In 2006, Medicare issued three new transmissions that altered the technical language of the Benefit Policy Manual.

In 2007 Medicare issued no new transmissions that altered the technical language of the Benefits Policy Manual.

In 2008 there will likely be one transmittal in February that will alter the language of the Benefits Policy Manual. The alteration mainly deals with the new ninety (90) day re-certification period.

Nevertheless, the myth among many physical therapists and physical therapist assistants is that Medicare changes every year and, as a result, there is no way to understand or to predict the seemingly random and haphazard changes in the rules.

I've noticed this belief among physical therapy students and physical therapy educators. There appears to be a reluctance to instruct students in the basic requirements to treat Medicare patients.

These requirements are the folowing:

    Demonstrate the Medical Necessity of Physical Therapy

    Demonstrate that you expect the patient to recover significant function in a reasonable time frame.

    Demonstrate skilled physical therapy services.


If new graduate physical therapists and educators focus instead on the process of physical therapy diagnosis and on the needs of the patient then the technical requirements for treating Medicare patients may seem less burdensome.


The patients’ needs never change

While the technical requirements of treating the Medicare beneficiary do change and these changes seem to have less to do with physical therapists’ job demands and more to do with policy or political machinations at the national level it is important to remember that the patients’ needs never change.
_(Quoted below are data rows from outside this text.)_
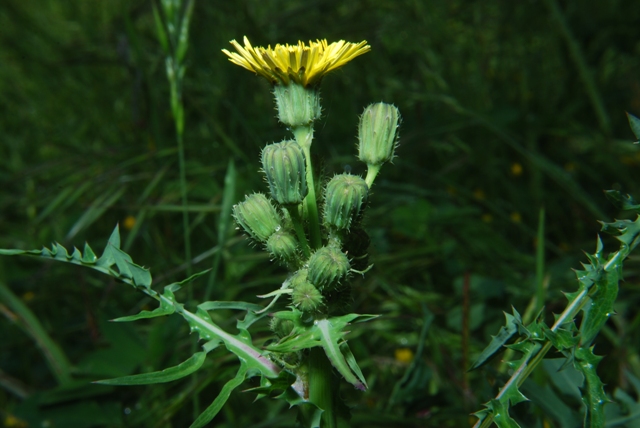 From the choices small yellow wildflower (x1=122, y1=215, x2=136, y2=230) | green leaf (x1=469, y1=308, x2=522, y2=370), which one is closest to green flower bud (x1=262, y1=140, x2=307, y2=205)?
green leaf (x1=469, y1=308, x2=522, y2=370)

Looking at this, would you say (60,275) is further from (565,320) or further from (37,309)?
(565,320)

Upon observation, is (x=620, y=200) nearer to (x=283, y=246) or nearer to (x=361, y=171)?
(x=283, y=246)

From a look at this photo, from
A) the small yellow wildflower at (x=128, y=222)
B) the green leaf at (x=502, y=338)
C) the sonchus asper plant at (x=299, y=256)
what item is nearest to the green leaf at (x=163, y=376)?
the sonchus asper plant at (x=299, y=256)

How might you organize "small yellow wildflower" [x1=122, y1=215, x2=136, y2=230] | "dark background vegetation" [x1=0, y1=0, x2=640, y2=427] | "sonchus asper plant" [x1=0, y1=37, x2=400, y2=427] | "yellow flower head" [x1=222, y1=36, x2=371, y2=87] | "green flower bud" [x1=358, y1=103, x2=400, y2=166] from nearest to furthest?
"sonchus asper plant" [x1=0, y1=37, x2=400, y2=427] → "yellow flower head" [x1=222, y1=36, x2=371, y2=87] → "green flower bud" [x1=358, y1=103, x2=400, y2=166] → "dark background vegetation" [x1=0, y1=0, x2=640, y2=427] → "small yellow wildflower" [x1=122, y1=215, x2=136, y2=230]

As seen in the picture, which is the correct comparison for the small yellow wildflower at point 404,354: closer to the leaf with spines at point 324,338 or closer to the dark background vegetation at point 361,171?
the dark background vegetation at point 361,171

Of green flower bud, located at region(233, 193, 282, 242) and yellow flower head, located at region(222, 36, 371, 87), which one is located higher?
yellow flower head, located at region(222, 36, 371, 87)

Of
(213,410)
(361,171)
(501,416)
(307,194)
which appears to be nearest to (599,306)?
(501,416)

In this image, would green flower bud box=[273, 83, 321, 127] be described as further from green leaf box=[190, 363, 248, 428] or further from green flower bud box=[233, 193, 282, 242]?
green leaf box=[190, 363, 248, 428]

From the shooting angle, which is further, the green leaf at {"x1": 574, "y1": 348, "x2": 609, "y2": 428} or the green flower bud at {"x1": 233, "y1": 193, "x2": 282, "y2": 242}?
the green flower bud at {"x1": 233, "y1": 193, "x2": 282, "y2": 242}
The premise of the SIMPLE system is physical therapy diagnosis leads to good documentation and that ongoing assessment requires a written record of prior measurements.

Goal setting and the selection of interventions is a logical, predictable process predicated on the findings in the evaluation.

Physical therapy diagnosis is a process, not an event.

The initial diagnosis is often based on incomplete data that may be refined or changed by the time the discharge note is written. The diagnosis in the discharge note may be the same or it may be entirely different from the initial diagnosis.

When physical therapists understand that Medicare pays for (and demands documentation that demonstrates) the ongoing assessment and ultimate diagnosis of the physical therapist then the technical changes are less relevant to the process.

The process never changes.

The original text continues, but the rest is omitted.